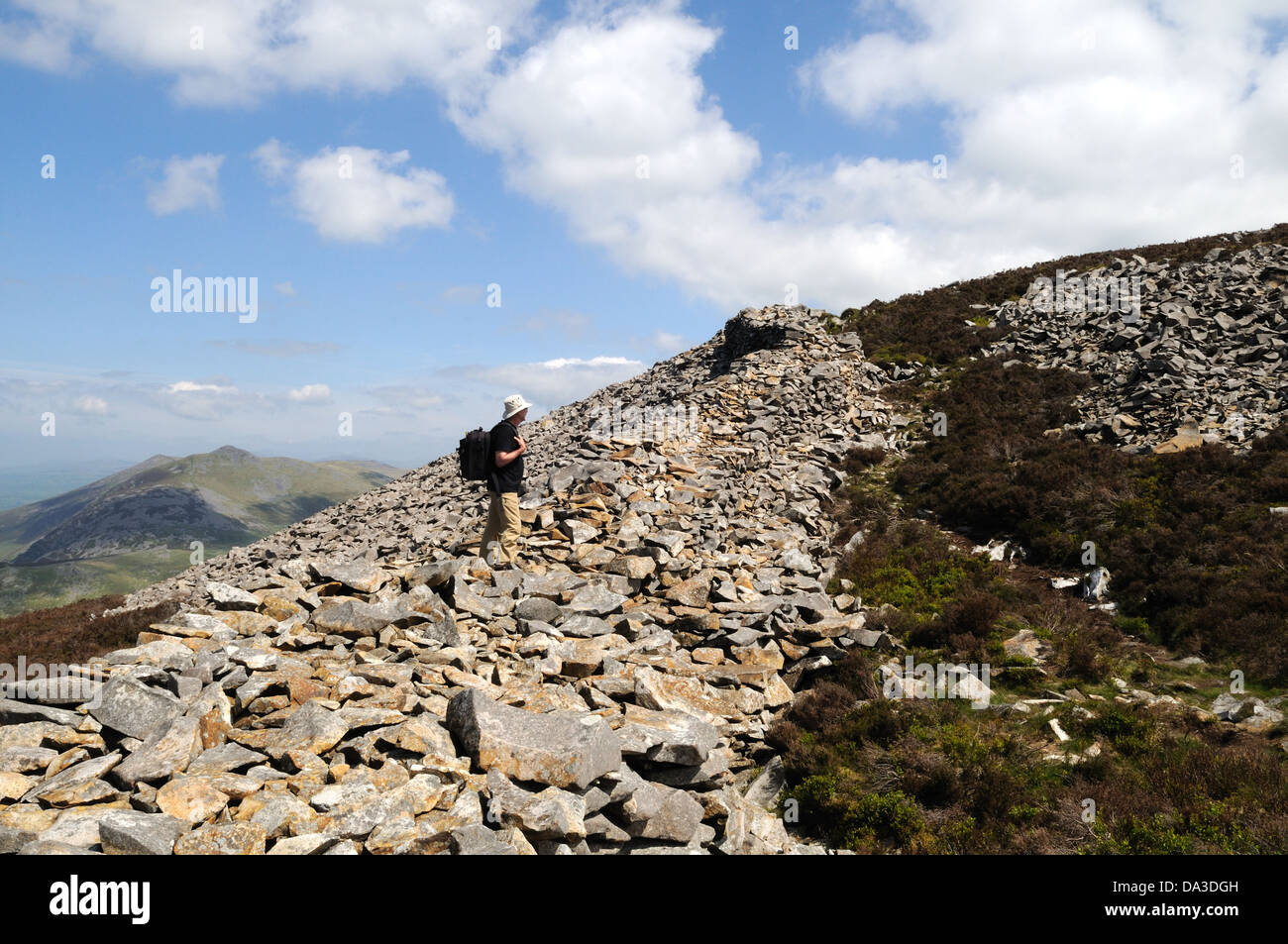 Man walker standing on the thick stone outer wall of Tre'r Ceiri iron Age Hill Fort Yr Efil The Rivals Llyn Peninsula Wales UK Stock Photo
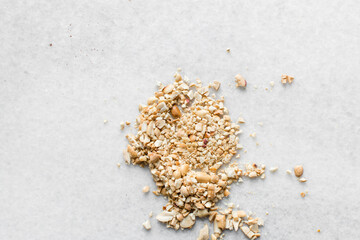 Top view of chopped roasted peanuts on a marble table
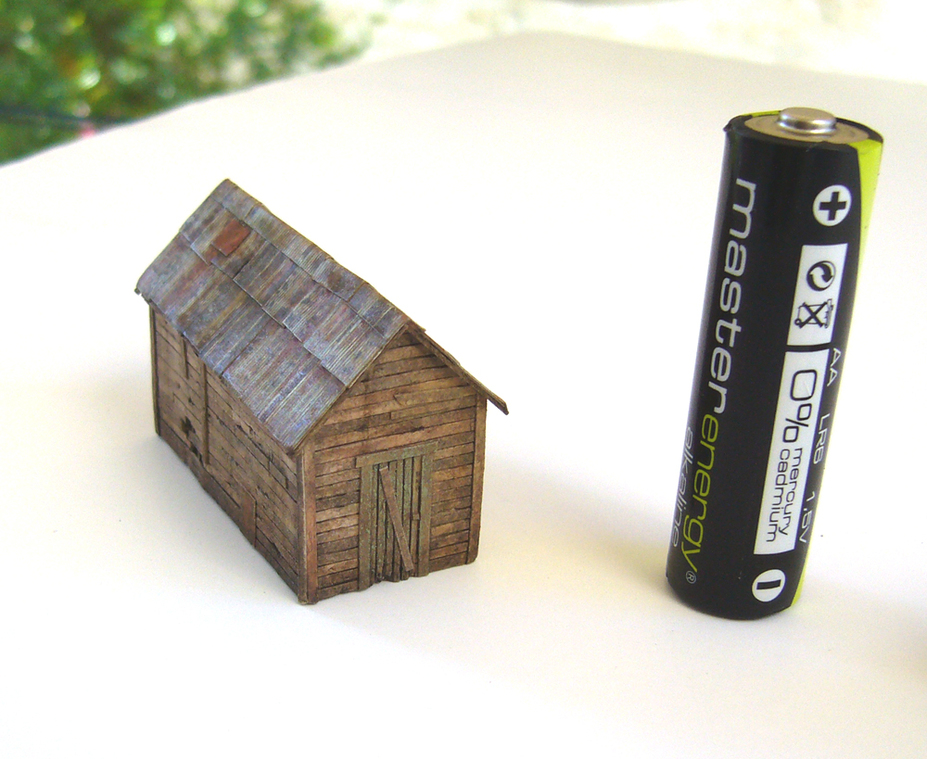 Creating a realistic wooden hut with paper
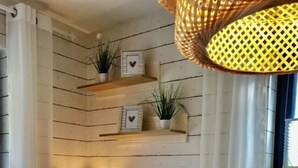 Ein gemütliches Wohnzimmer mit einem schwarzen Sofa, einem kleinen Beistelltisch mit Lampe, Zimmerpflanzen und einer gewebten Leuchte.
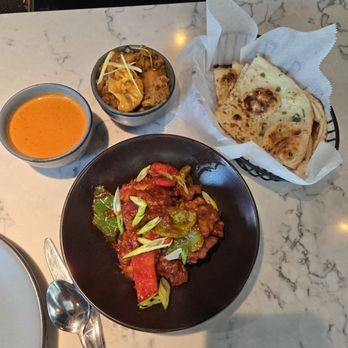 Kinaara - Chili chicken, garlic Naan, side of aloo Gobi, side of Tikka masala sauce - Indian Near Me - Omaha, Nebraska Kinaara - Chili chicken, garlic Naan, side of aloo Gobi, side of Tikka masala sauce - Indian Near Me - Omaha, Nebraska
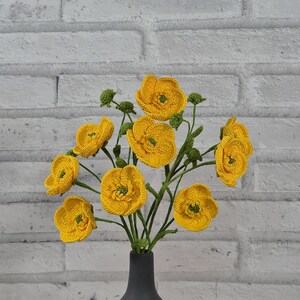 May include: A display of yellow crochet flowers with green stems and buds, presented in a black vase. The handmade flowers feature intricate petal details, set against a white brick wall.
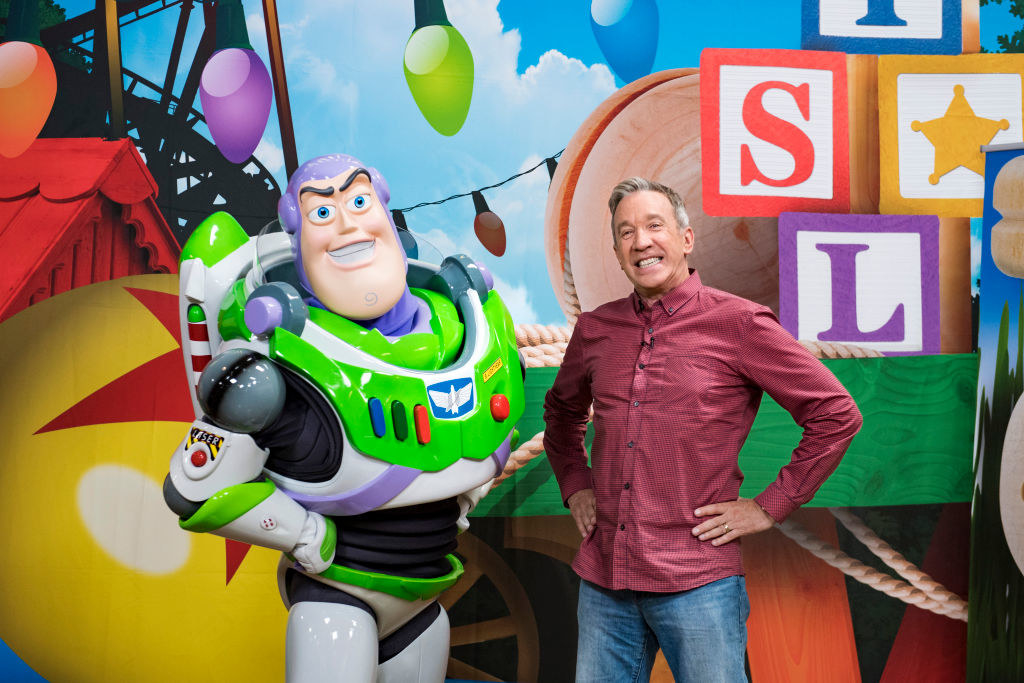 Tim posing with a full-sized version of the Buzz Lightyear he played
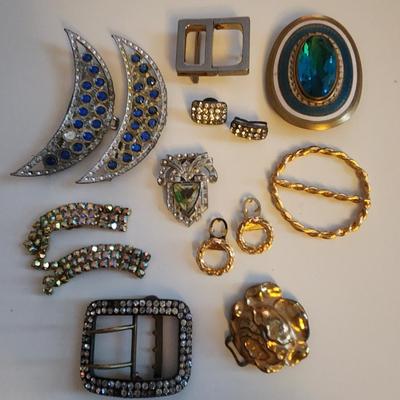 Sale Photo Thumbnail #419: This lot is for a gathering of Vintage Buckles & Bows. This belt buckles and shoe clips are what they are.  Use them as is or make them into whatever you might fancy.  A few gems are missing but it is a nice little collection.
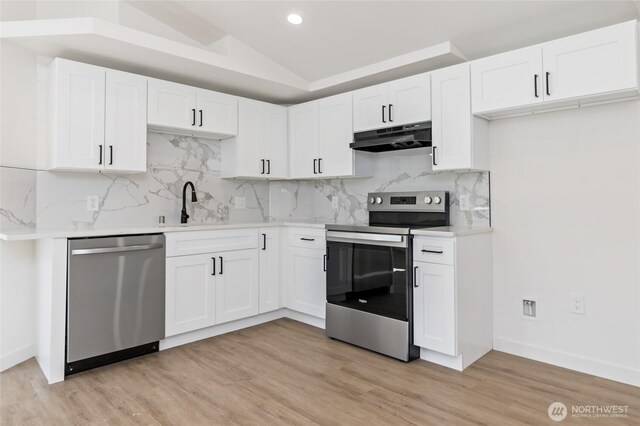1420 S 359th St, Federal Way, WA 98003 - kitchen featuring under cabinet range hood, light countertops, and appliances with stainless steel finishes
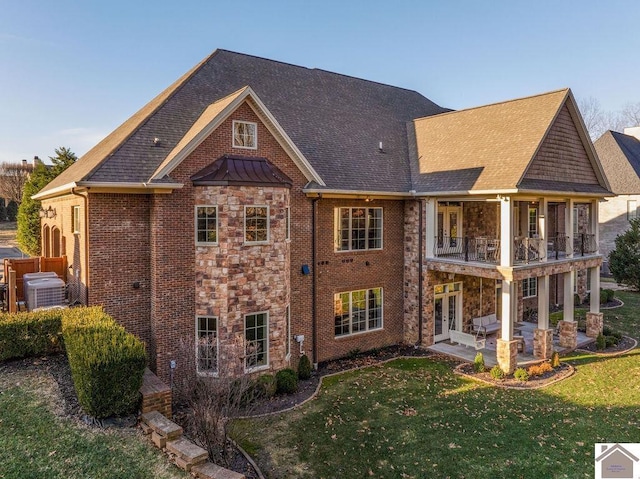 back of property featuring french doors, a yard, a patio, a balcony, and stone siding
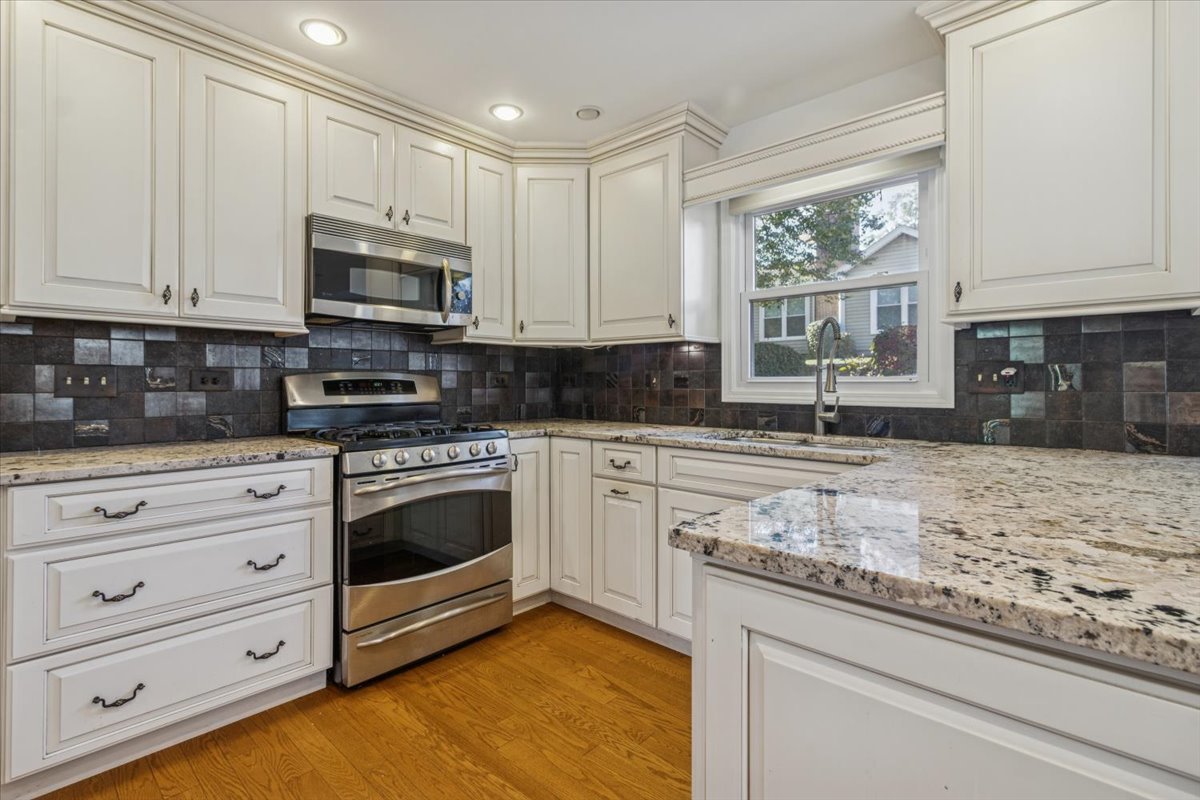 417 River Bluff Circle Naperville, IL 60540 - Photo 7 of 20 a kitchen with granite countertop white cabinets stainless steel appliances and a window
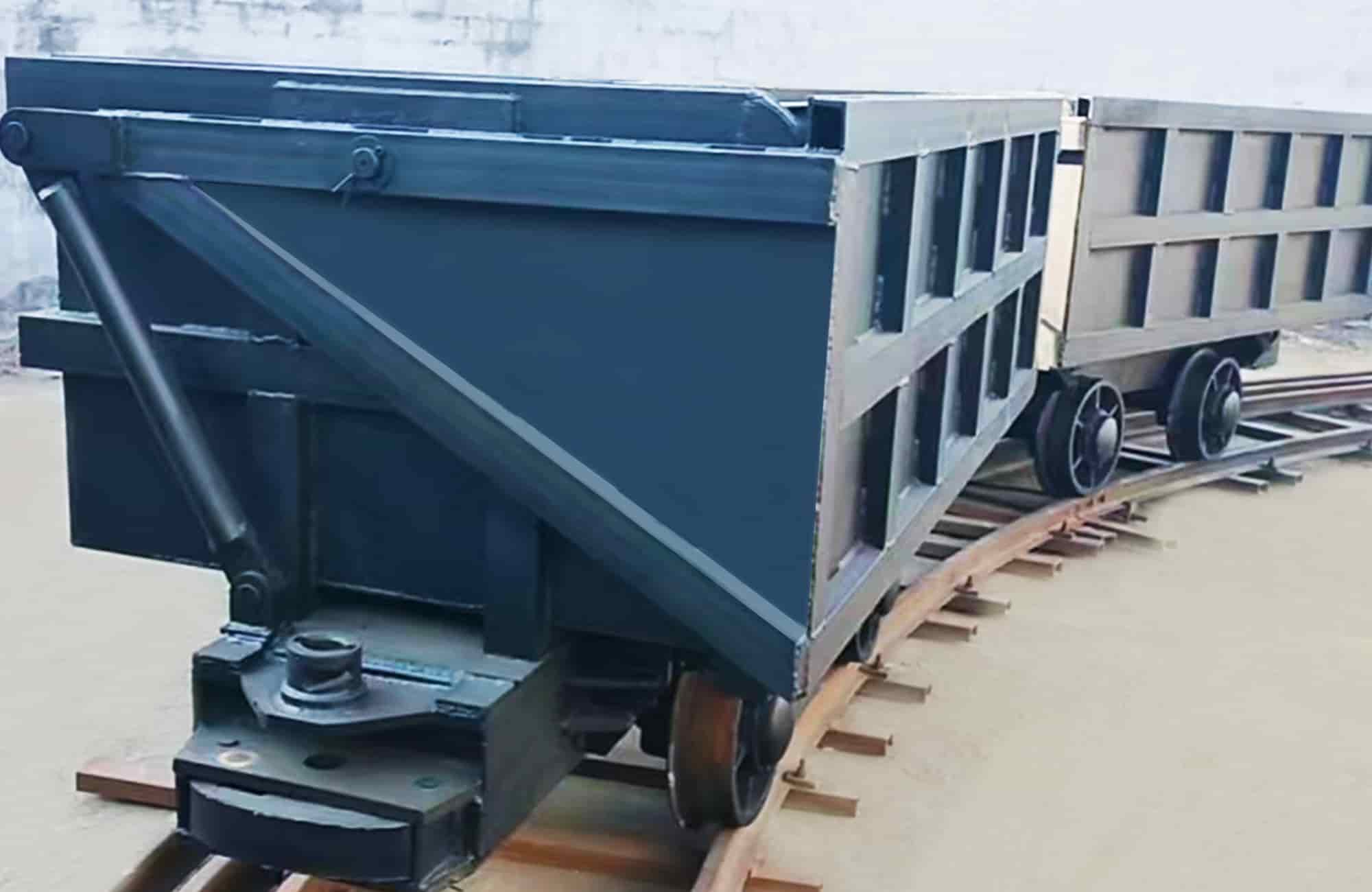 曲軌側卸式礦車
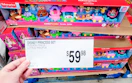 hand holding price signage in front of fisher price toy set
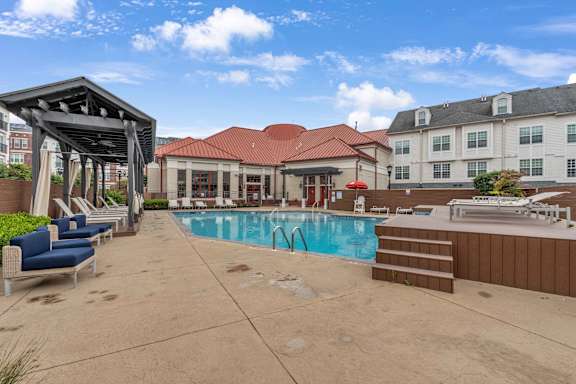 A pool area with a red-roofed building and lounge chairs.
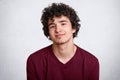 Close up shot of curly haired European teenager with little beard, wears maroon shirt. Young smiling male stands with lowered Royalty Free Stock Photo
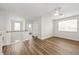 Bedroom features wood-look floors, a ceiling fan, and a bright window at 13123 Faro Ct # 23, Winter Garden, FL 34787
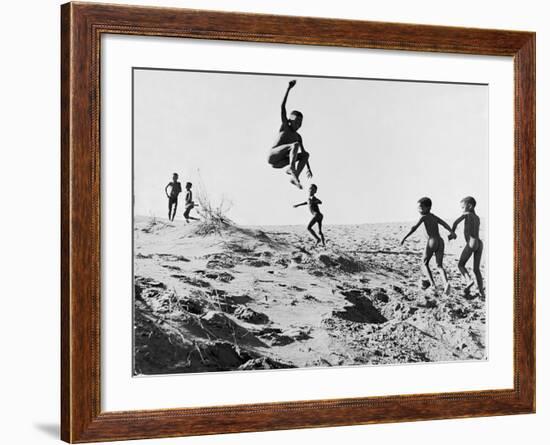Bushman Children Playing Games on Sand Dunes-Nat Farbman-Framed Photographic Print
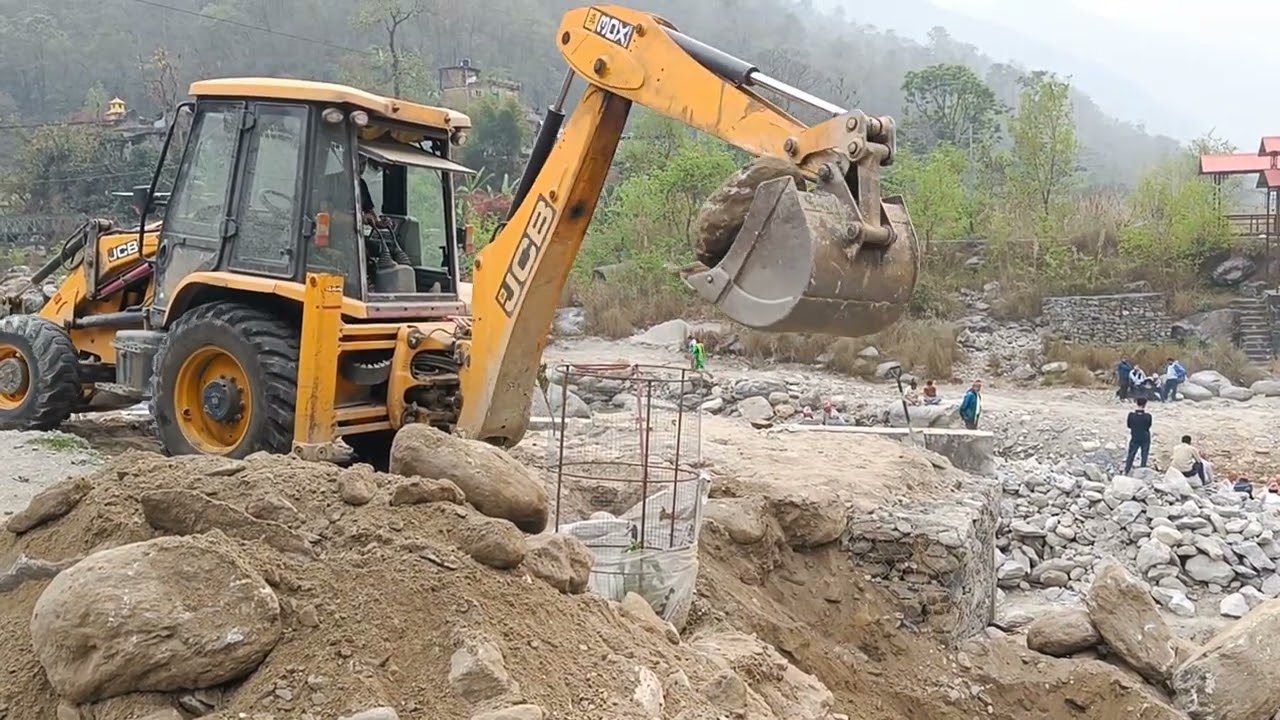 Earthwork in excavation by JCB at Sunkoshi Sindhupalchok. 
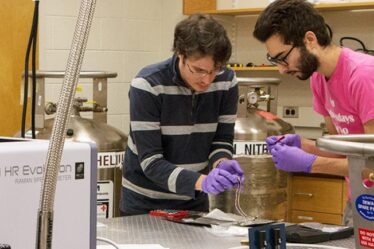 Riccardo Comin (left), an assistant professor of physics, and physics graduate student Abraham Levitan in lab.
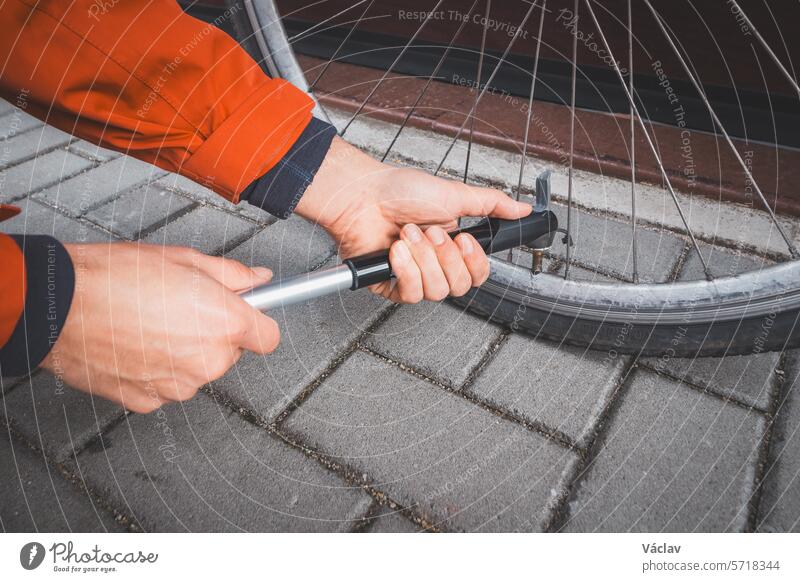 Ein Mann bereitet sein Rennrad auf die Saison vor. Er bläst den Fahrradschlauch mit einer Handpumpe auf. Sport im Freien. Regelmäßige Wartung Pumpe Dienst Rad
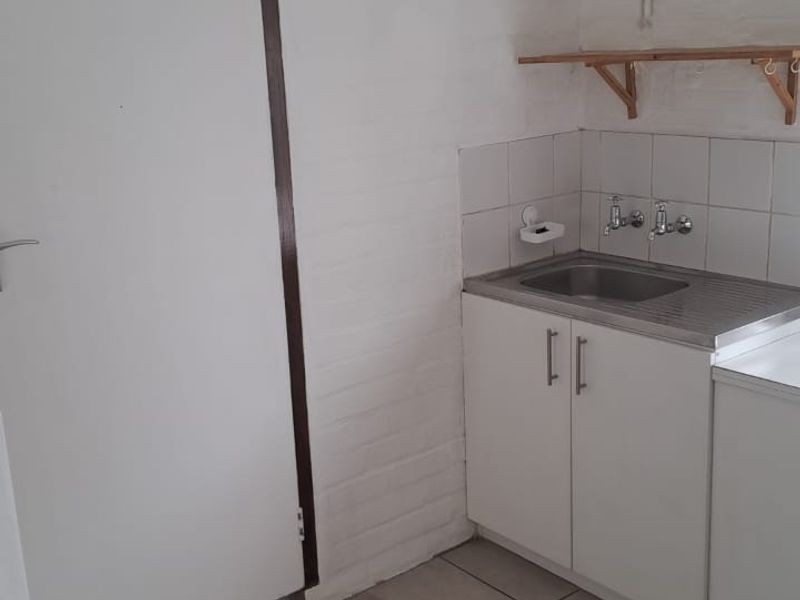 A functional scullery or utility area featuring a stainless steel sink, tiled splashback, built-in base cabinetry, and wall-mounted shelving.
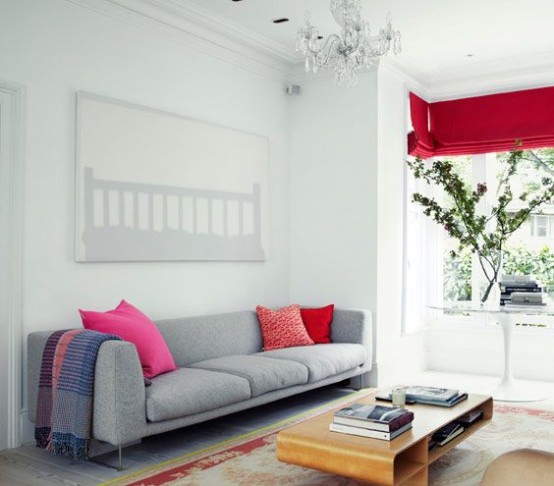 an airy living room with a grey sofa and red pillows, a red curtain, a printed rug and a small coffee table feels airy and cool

============

Word for word, please, restate the lines of the listing from the one holding "back of property" down to the last line, leaving out any pictures.

 back of property featuring french doors, a yard, a patio, a balcony, and stone siding
 417 River Bluff Circle Naperville, IL 60540 - Photo 7 of 20 a kitchen with granite countertop white cabinets stainless steel appliances and a window
 曲軌側卸式礦車
 hand holding price signage in front of fisher price toy set
 A pool area with a red-roofed building and lounge chairs.
 Close up shot of curly haired European teenager with little beard, wears maroon shirt. Young smiling male stands with lowered Royalty Free Stock Photo
 Bedroom features wood-look floors, a ceiling fan, and a bright window at 13123 Faro Ct # 23, Winter Garden, FL 34787
Bushman Children Playing Games on Sand Dunes-Nat Farbman-Framed Photographic Print
 Earthwork in excavation by JCB at Sunkoshi Sindhupalchok. 
 Riccardo Comin (left), an assistant professor of physics, and physics graduate student Abraham Levitan in lab.
 Ein Mann bereitet sein Rennrad auf die Saison vor. Er bläst den Fahrradschlauch mit einer Handpumpe auf. Sport im Freien. Regelmäßige Wartung Pumpe Dienst Rad
 A functional scullery or utility area featuring a stainless steel sink, tiled splashback, built-in base cabinetry, and wall-mounted shelving.
 an airy living room with a grey sofa and red pillows, a red curtain, a printed rug and a small coffee table feels airy and cool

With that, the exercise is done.